Your instructions:
A faithful transcription of all the data, images excluded, is the required answer.

Exercise data:
== Segment start ==
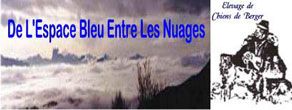 De l'Espace Bleu Entre les Nuages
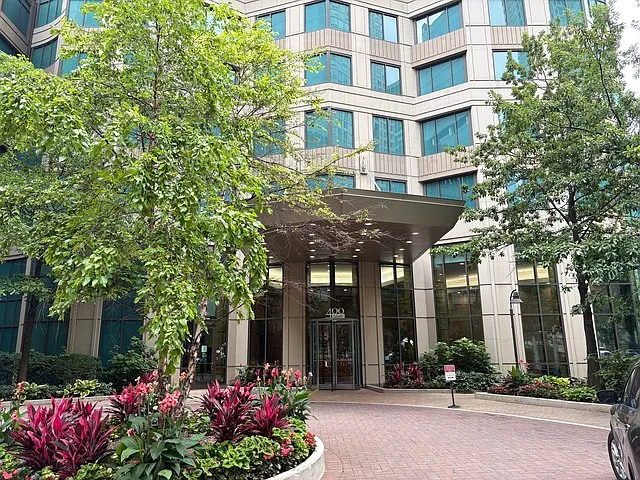 400 N Lasalle St #1709 — Photo 1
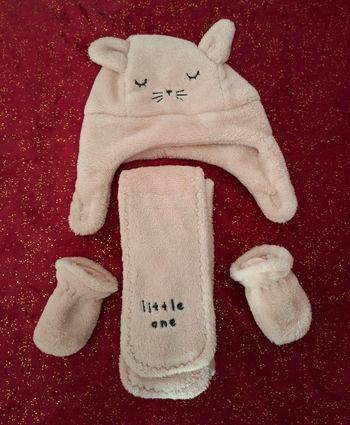 Ensemble bonnet/écharpe et moufles de 41 cm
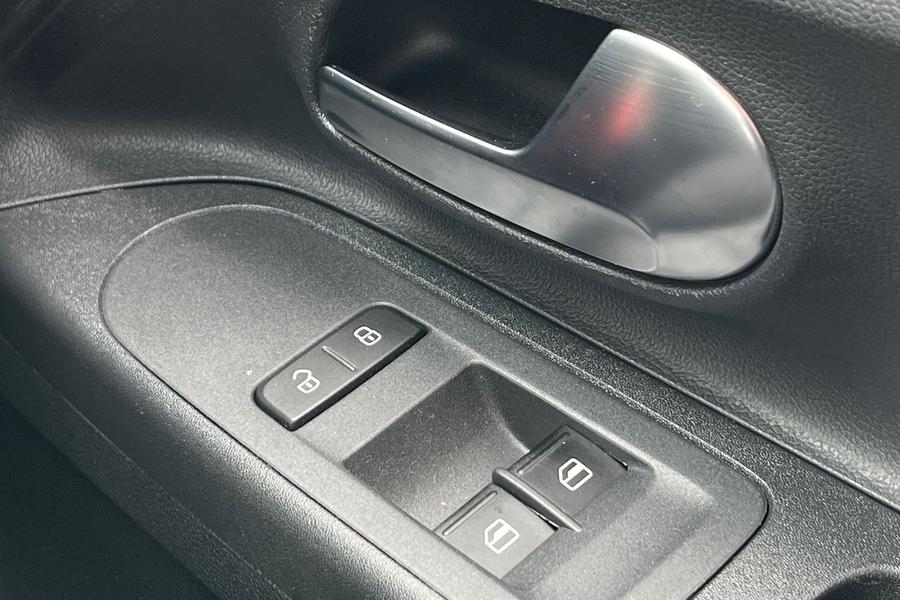 Volkswagen UP Photo autoimg-874c8b8b94b9a7fd19a9e272ede73a1c31c581ec.jpg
== Segment end ==
Written response:
 De l'Espace Bleu Entre les Nuages
 400 N Lasalle St #1709 — Photo 1
 Ensemble bonnet/écharpe et moufles de 41 cm
 Volkswagen UP Photo autoimg-874c8b8b94b9a7fd19a9e272ede73a1c31c581ec.jpg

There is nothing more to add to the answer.